Note: This takes place soon after The Scarlet Pimpernel: sometime in the fall of 1792. This has been sitting unfinished in my computer for quite some time, undergoing multiple rewrites. I've got quite a few stories in the same state, so it feels really nice to get something publishable again!
I usually get someone to do a quick skim of my writing before I post it, but everyone's very busy this week, so. . . no beta, we die like Madame Guillotine's lovers. :)
I've also posted this on AO3.

The nights were drawing in, now, as the year crept closer to its end, and there was always a fire in the little drawing-room reserved for family use. Sir Percy Blakeney sat by the fireplace, one long leg stretched out towards its warmth, and, across from him, sat Lady Blakeney, sewing.

His book could not hold his interest, and, looking into the fire, he abandoned all pretense of reading and gave himself over to his thoughts.

He had been naïve, that night on the Daydream. He and Marguerite, he thought, understood each other at last; they loved each other, and would now of course continue on as though they had never been estranged.

He had not thought, or, perhaps, fully understood, that love is a habit, and that he and Marguerite were in exactly the opposite habit. Of course, he had longed for her and yearned for her throughout their marriage, and she for him, but mixed with that was anger, even (he hated to think of it) cruelty. He had slighted and ignored her; she, belittled and mocked him, each seeking to hurt the other.

He had not realized how successful they had been, how thoroughly they had ruined their marriage, until the card party after the rescue of Suzanne's father. They could not, for the sake of the secret and all those lives that hung upon it, act upon their reconciliation in the way they wished.
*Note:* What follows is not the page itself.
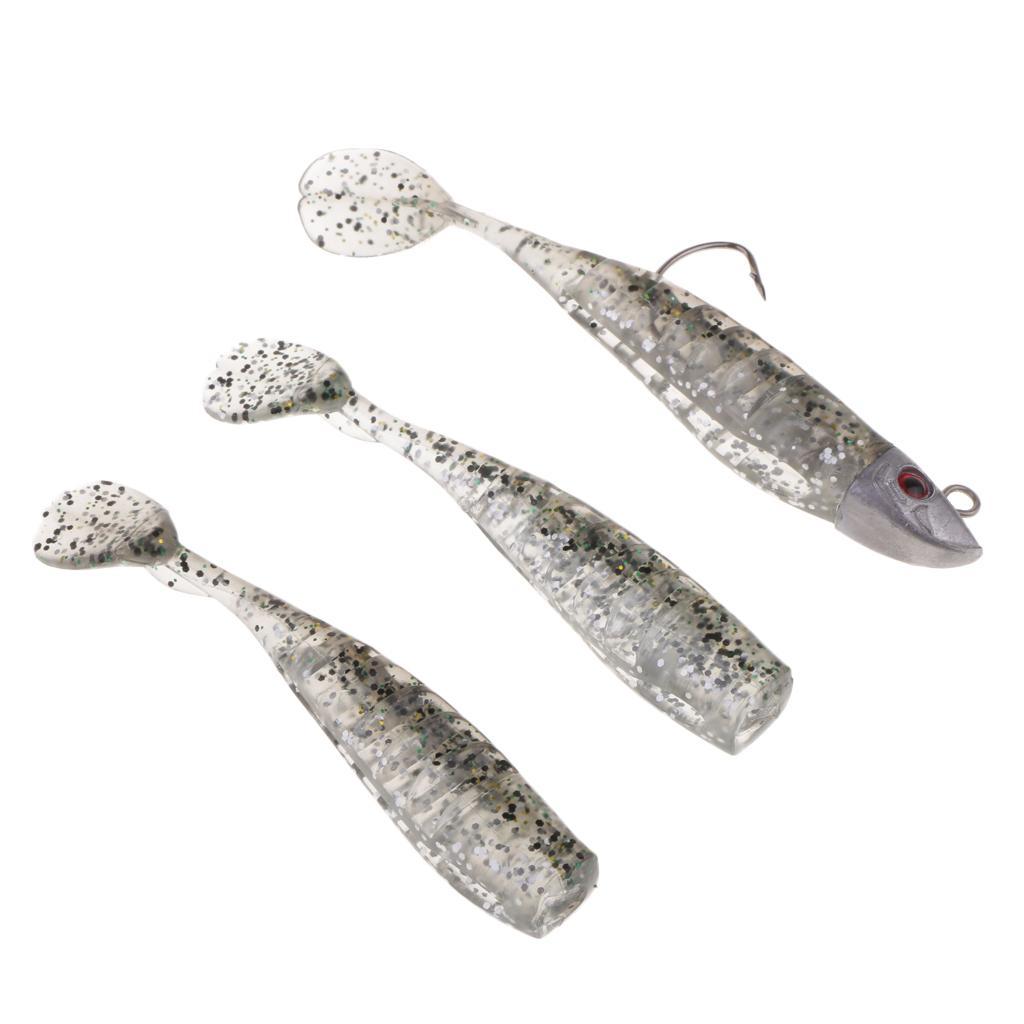 Ultra Shad with Jig Head Paddle Tail Soft Body Swimbait Fishing Lure Bait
In their hearts they might be newlyweds, experiencing for the first time the joy that came with marriage to one of like heart and mind, but in the eyes of the world they were thoroughly tired of each other. The deception, they decided, would have to be kept up, though they would, very slowly, let the warmth they felt for each other shine through until they could act as they wished in public.

He had not realized how sharp her verbal barbs were until she mocked him in public, and he felt again the humiliation of it, the anger that the one who had vowed to love him should deliberately hurt him. She realized she had gone too far, he saw, almost as soon as she had said it, and he had forgiven her – but the sting remained, and the fear that she truly thought him as contemptible as she joked.

He had not realized how much he had hurt her until he came home the evening after the party – he had never told her of his comings and goings unless they would affect her directly – and found her crumpled in front of the fire in her room, sobbing into her handkerchief, afraid that she had angered him beyond recall.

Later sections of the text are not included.